Elisa Izquierdo’s body was laid to rest at Cypress Hills Cemetery in Queens, New York. At her wake, her casket remained open. “Somebody in there watching those kids, why when they hear the kids crying, why right away they didn’t call the cops? Let them come in and stop this before this happened to her.” Family, loved ones, and others filled her casket with pictures, flowers, and stuffed animals. The makeup could barely conceal the horrific injuries she sustained. In a very bitter end to an already awful tragedy, Awilda Lopez was granted rights to Elisa’s remains. Even in death, Elisa was never reunited with her father. Elisa Izquierdo’s life came to a tragic end, and still in 2022, there are very few signs that anything has changed. From Dayan Bennett to Lisa Steinberg to Nixzmary Brown, the torture and deaths of innocent children in this city make it clear that a bigger issue isn’t being addressed. How many more kids have to have their lives reduced to a few forgotten news articles? Reverend Gianni Agostinelli told mourners that Elisa was not killed only by the hand of a sick individual, but by the impotence of silence of many, by the neglect of child welfare institutions, and the moral mediocrity that has intoxicated our neighborhoods.

Thank you guys so much for stopping by and watching today’s video. I really do appreciate it. Elisa Izquierdo’s case is truly heartbreaking to me because her case felt like the one that was supposed to change everything, even down to Mayor Giuliani and everybody who was in charge at the time dismantling the child welfare system and creating it from the ground up again out here to ensure the safety of these children.

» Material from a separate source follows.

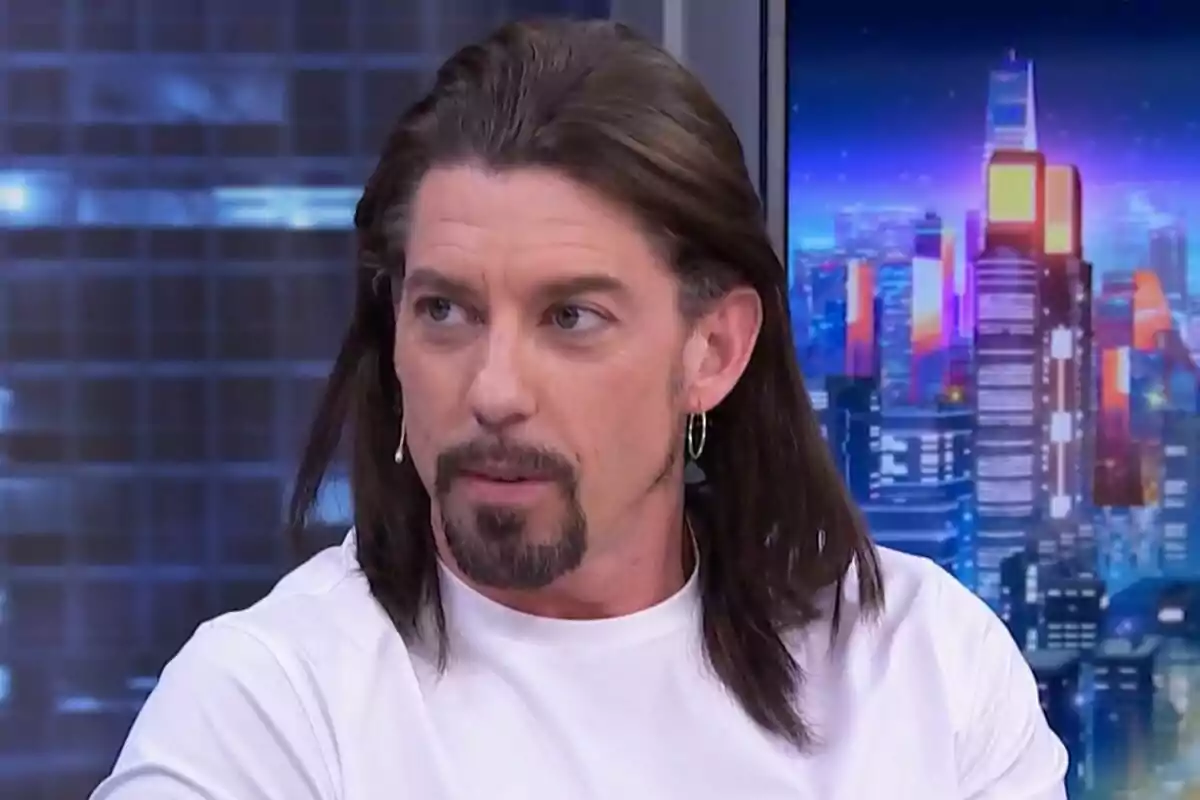 Adrián Lastra con cabello largo y barba está en El Hormiguero con un fondo de ciudad iluminada.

But in the year 2022, you see that a lot of this is still happening, and it feels like in a lot of ways it’s only gotten worse. My only hope in getting these types of videos out is hoping to raise awareness and making sure that people do something and say something when they see and witness these kinds of behaviors. There are red flags all around us, and nothing is more heartbreaking than knowing that you could have done something for somebody, especially a helpless child. Now, I pass the question off to you guys: how many other situations do you think this has to see before they get it across their heads that whatever they’re doing just simply isn’t working? Feel free to discuss in the comments below. Let’s just always keep in mind that these are still real cases with real people attached to them, and they are still mourning. Now friends, always remember: keep a tight circle, mind your surroundings, and protect our babies, because you never know who around them might have evil intentions. I’m out.